Solving Problems: Prabowo Puji Polri Inisiatif Energi dari Tongkol Jagung
Solving Problems menjadi topik utama dalam acara panen jagung di Kabupaten Tuban, Jawa Timur, yang berlangsung pada Sabtu (16/5/2026). Presiden Prabowo Subianto mengapresiasi inovasi Polri dalam mengubah limbah pertanian menjadi energi, khususnya dari tongkol jagung yang sebelumnya sering dibuang. Ia menyoroti upaya ini sebagai langkah strategis untuk mengatasi krisis energi yang sedang menghimpit dunia dan menciptakan solusi yang berkelanjutan. Acara tersebut juga dihadiri peresmian 10 gudang ketahanan pangan serta peluncuran 166 Satuan Pelayanan Pemenuhan Gizi (SPPG).
“Kami sangat gembira karena Polri berhasil mengubah masalah limbah pertanian menjadi peluang energi. Ini bukan hanya penyelesaian, tapi juga pembuktian bahwa Indonesia mampu menciptakan inovasi yang menyelesaikan tantangan nasional,” ungkap Prabowo dalam sambutannya.
Inovasi tersebut diharapkan bisa berdampak signifikan pada perekonomian rakyat. Prabowo menekankan pentingnya memanfaatkan sumber daya lokal untuk memenuhi kebutuhan energi dengan harga terjangkau. Ia menilai, energi dari tongkol jagung bisa menjadi bagian dari jalan keluar untuk mengatasi ketergantungan pada bahan bakar impor. “Polisi RI berani mengambil langkah ini, meski dihujat oleh sebagian orang, tapi kini mereka menunjukkan kekuatan Indonesia dalam menghadapi tantangan global,” imbuhnya.
Inovasi Limbah Pertanian Sebagai Solusi Energi Nasional
Pemanfaatan tongkol jagung sebagai briket arang dan pupuk dari batu bara mencerminkan kerja cerdas Polri dalam menjawab isu krisis energi. Prabowo mengatakan bahwa inovasi ini bisa menjadi contoh bagus bagi masyarakat untuk belajar mengubah sampah menjadi barang bernilai. “Ini bukti bahwa masalah limbah pertanian bukan lagi hambatan, tapi jalan untuk menyelesaikan kebutuhan energi secara mandiri,” tegasnya.

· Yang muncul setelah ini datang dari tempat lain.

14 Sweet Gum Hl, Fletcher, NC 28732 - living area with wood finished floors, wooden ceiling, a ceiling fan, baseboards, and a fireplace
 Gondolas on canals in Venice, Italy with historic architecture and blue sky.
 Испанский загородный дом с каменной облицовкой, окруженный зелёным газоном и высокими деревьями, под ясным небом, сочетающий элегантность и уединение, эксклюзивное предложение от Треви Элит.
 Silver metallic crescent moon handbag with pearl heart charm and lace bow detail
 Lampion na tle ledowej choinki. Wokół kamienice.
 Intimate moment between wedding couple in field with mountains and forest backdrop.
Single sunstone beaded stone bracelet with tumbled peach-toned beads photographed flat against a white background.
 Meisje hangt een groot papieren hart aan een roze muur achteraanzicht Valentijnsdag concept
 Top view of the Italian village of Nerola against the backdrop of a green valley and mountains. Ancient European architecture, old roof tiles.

Dalam rangkaian kegiatan tersebut, Prabowo juga menjelaskan potensi inovasi ini untuk meningkatkan daya beli masyarakat. Briket arang yang dihasilkan bisa digunakan untuk keperluan rumah tangga, sementara pupuk batu bara memungkinkan pertanian lebih efisien. “Dengan teknologi ini, kita bisa mengatasi kebutuhan energi tanpa merusak lingkungan,” tambahnya.
KDKMP: Tekan Ketergantungan pada Distribusi Luar Negeri
Prabowo mengungkapkan bahwa Koperasi Desa/Kelurahan Merah Putih (KDKMP) akan menjadi sarana utama dalam menyelesaikan masalah distribusi dan ekonomi desa. Ia menjelaskan bahwa koperasi ini bisa menyebarkan produk olahan limbah pertanian, termasuk briket arang dan pupuk, secara lebih efektif. “Dengan KDKMP, kita bisa mengurangi ketergantungan pada distribusi dari luar negeri dan memastikan rakyat mendapat manfaat langsung,” ujarnya.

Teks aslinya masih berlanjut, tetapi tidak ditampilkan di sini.